A few modality effects have been discovered in other long-term memory tasks, including recognition memory, where Martin A. Conway and Susan E. Gathercole found an effect across all serial positions. Some of these effects are a reversal of the usual auditory superiority, and they seem to interact with other factors in ways that are as yet poorly understood. In long-term recall with written responses, either visual presentation or spoken presentation along with instructions to imagine how the word is printed help participants to avoid "false memories." In such studies, when numerous words from a semantic category are presented (e.g., sleeve, button, collar, and so on) there is a tendency to recall a central word that actually was not presented (e.g., shirt) and the availability of an orthographic code in memory appears to prevent that sort of mistake, as Ronald T. Kellogg showed in 2001.

Modality and Stimulus Timing

The long-term modality effect led Arthur M. Glenberg and Naomi G. Swanson in 1986 to propose a detailed model that assumes that temporal information is more finely represented in the auditory mode and that the modality effect reflects greater temporal distinctiveness. Because it is possible that temporal distinctiveness underlies the recency effect in both short-term and long-term memory, it can potentially provide a quite general account of modality and recency effects. A number of current studies have investigated temporal and ordinal factors. Though research indicates that serial-order information is better retained in the auditory mode, the evidence makes it less clear if the same is true for temporal information as such, as Ian Neath and Robert Crowder showed in 1990.

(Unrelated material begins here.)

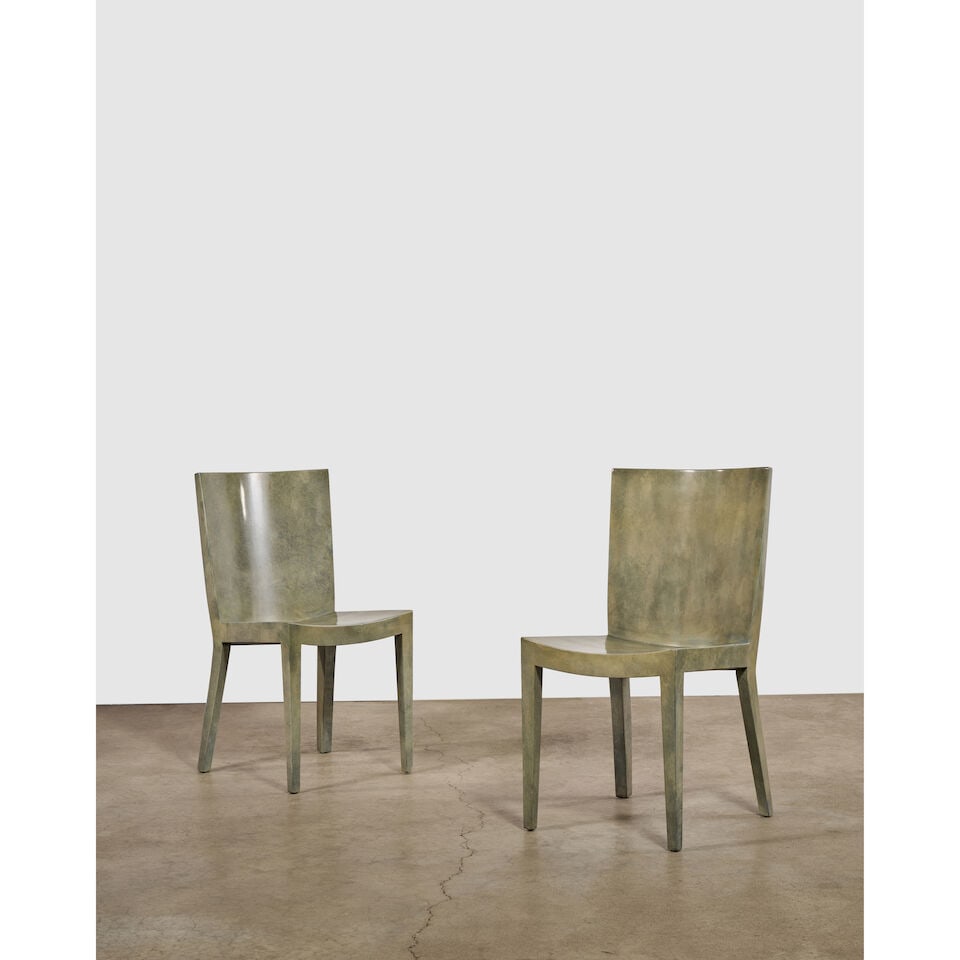 KARL SPRINGER (1931-1991) Pair of 'J.M.F.' Chairs1980sgoatskin lacquer, wood, unmarkedheight 35.... - 3
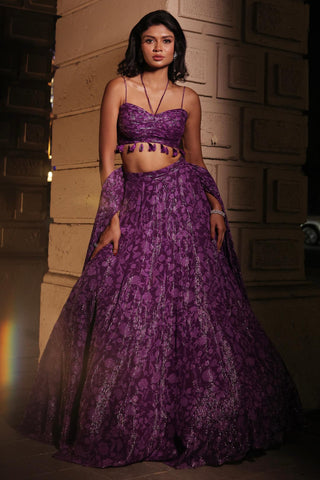 Purple printed elara lehenga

One indication that the temporal-information account has merit comes from studies of the grouping of items. In 1989 Clive Frankish showed that the benefit that comes from items in a list being separated by gaps into small groups is much greater for spoken lists than for printed lists. Nelson Cowan and others (2002) set up a situation in which lists of nine random digits were presented at a steady pace on some trials but, on other trials, were grouped into three sets of three with one-second gaps between groups. The response boxes to be filled in by the participant always appeared as three groups of three across the screen. This encouragement of grouping had a small benefit for the recall of printed lists, equivalently no matter whether the actual list was grouped or not. However, for spoken lists, there was a very large benefit of actual stimulus grouping—much larger than for visual lists—and no noticeable mental grouping for steadily paced lists. Thus, the mental representation of the list was much more dependent on the actual stimulus timing for spoken lists than for printed lists.

Modality effects have a broader empirical base than psychologists once realized, and late-twentieth-century discoveries have led to fresh theoretical approaches, among which temporal distinctiveness theory perhaps is the most influential. In addition to the alternative hypotheses already mentioned, there are other suggestions that there has been less time to evaluate. James S. Nairne suggested (in 1990) conceptualizing the memory trace in terms of modality-independent and modality-dependent features, which may or may not reflect sensory aspects of the stimulus. Catherine G. Penney (in 1989) developed a "separate streams" hypothesis, which assumes that modality separation of verbal items is inherent to the structure of short-term memory. All these ideas assign modality effects to more fundamental, less peripheral, aspects of memory function than originally envisaged in echoic memory theory.

See also:MEMORY SPAN

Bibliography

Beaman, C. P., and Morton, J. (2000). The separate but related origins of the recency effect and the modality effect in free recall. Cognition 77, B59-B65.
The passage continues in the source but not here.